By Jim Tiller, Vice President, Security Professional Services, North America, BT Global Services
When boiled down to their most basic function, digital certificates are all about trust. And that trust recently was shattered. According to reports, nine valid but fraudulent certificates have been issued for major Internet sites — including Google mail, Microsoft Live and Yahoo — raising the possibility of undetectable phishing, man-in-the-middle and drive-by download.
Issued by Comodo, an anti-virus firewall software and certification provider, the secure sockets layer (SSL) certificates allow attackers to sign fraudulent sites and content. They were issued as a result of a compromise at a registration authority (RA) using stolen log-in credentials for one of Comodo’s European partners, according to the company’s report on the incident.
This is why it matters… certificates are representative of a trust chain. Assume I’m a certificate authority and provide you with an SSL certificate for online security to your website. People who accept that certificate trust you because they trust me. Yes, it’s just that simple. If you don’t believe me, open your browser and look at all the “trusted” certificate authorities installed by default… that’s how you buy stuff on Amazon.
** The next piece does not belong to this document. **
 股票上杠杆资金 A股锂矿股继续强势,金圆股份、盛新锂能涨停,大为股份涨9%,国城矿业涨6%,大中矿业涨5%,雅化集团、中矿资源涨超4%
These top-level certificate authorities must be very secure, because they literally hold the keys to the kingdom. With the issuance of the nine valid, but fraudulent, certificates on such trusted sites, you have a serious breach. The certificates were revoked and all the other stuff you do in an attempt to render them useless — but that’s an oversimplification.
Microsoft has provided information and issued an update to IE. But if your system isn’t configured (and many are not) to check the certificate revocation list (CRL) or to utilize the Online Certificate Status Protocol (OCSP) employed to check certificate status upon use, as far as your system is concerned, it is game over.